RECORDED INFORMATION: Begin
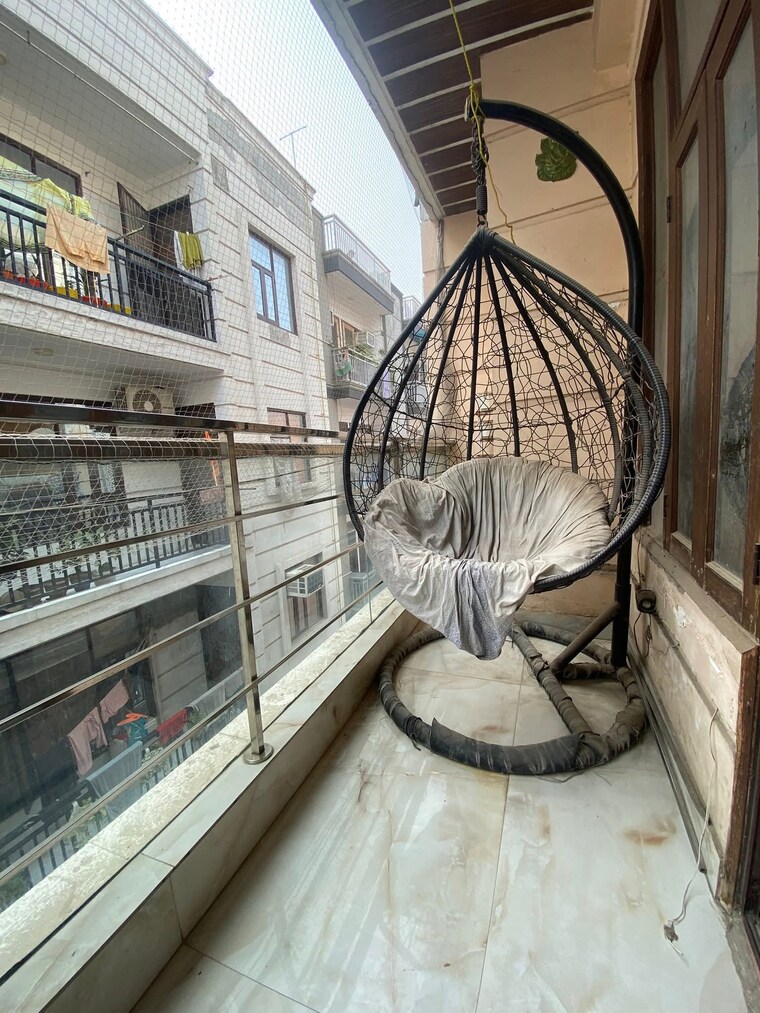 Balcony, chattarpur 3 Bedroom 1500 Sq.Ft. Apartment In Chattarpur Delhi 9656541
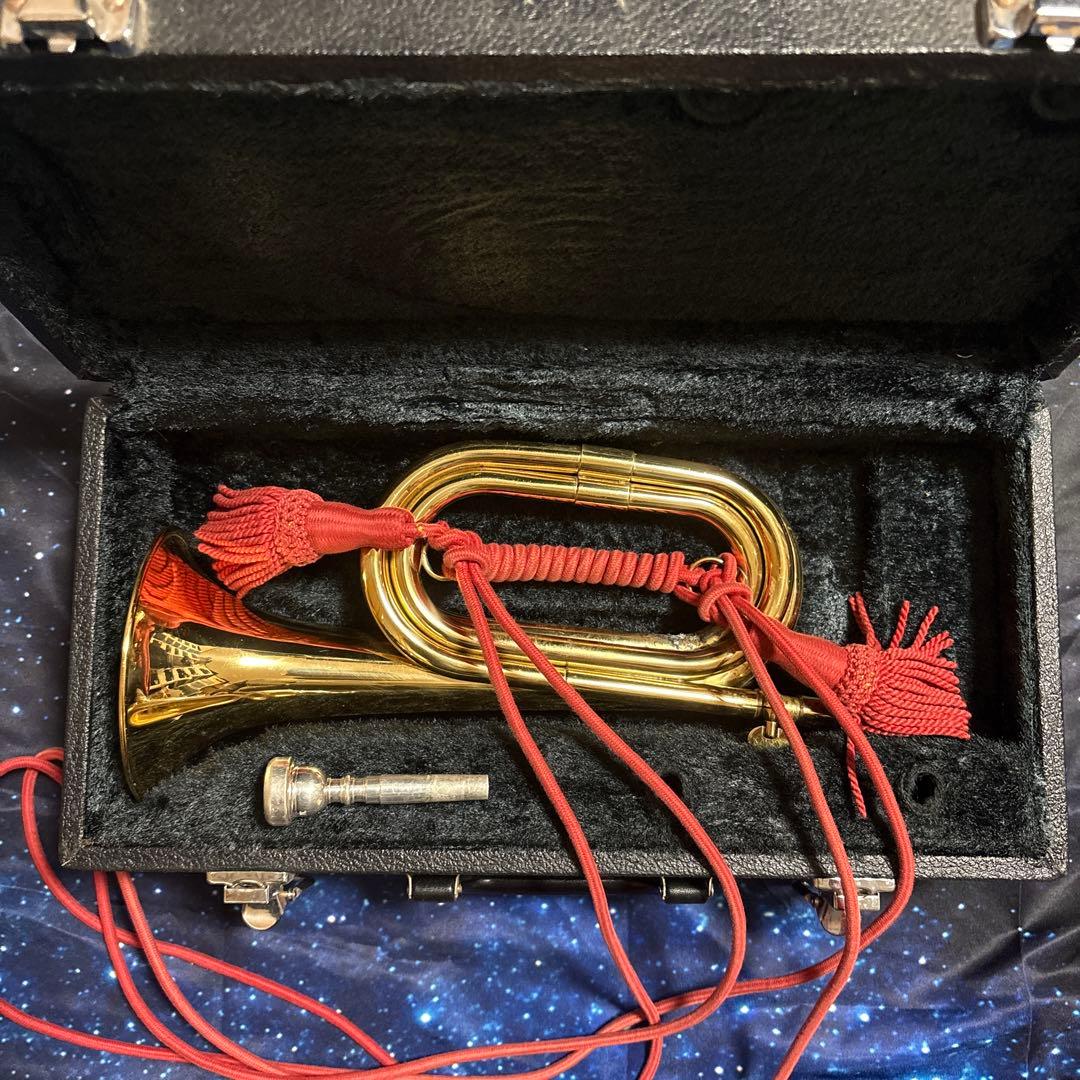 金色トランペット ケース付き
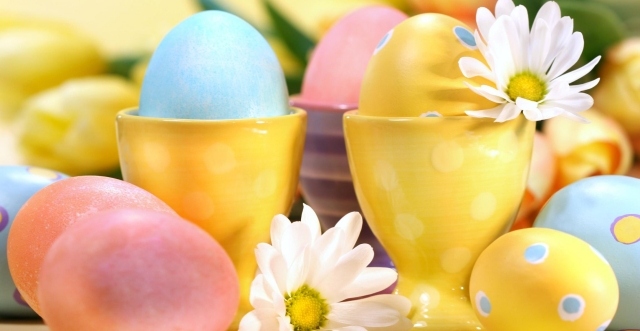 vopsea colorată decora puncte cupă de ou Pictura cu ouă de Paște decorează idei de puncte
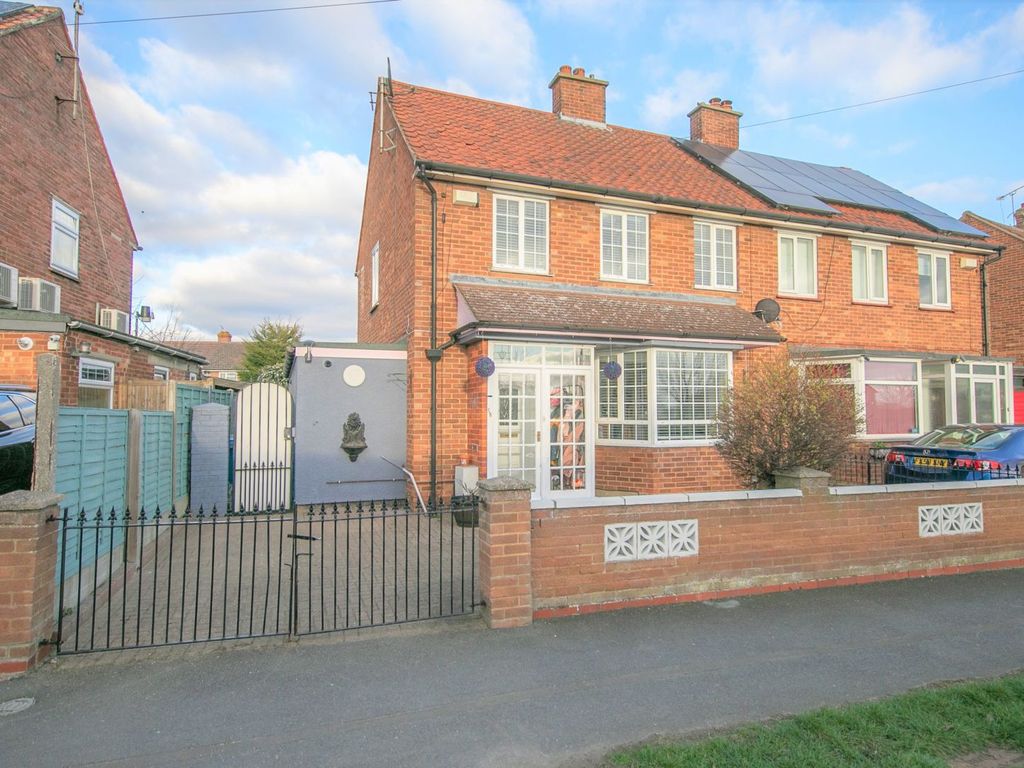 3 bed semidetached house for sale in Macaulay Road, Ipswich IP1 Zoopla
RECORDED INFORMATION: End
ACTIVITY: Pass over the images and copy the rest of the material above exactly.

EXERCISE ANSWER:
 Balcony, chattarpur 3 Bedroom 1500 Sq.Ft. Apartment In Chattarpur Delhi 9656541
 金色トランペット ケース付き
 vopsea colorată decora puncte cupă de ou Pictura cu ouă de Paște decorează idei de puncte
 3 bed semidetached house for sale in Macaulay Road, Ipswich IP1 Zoopla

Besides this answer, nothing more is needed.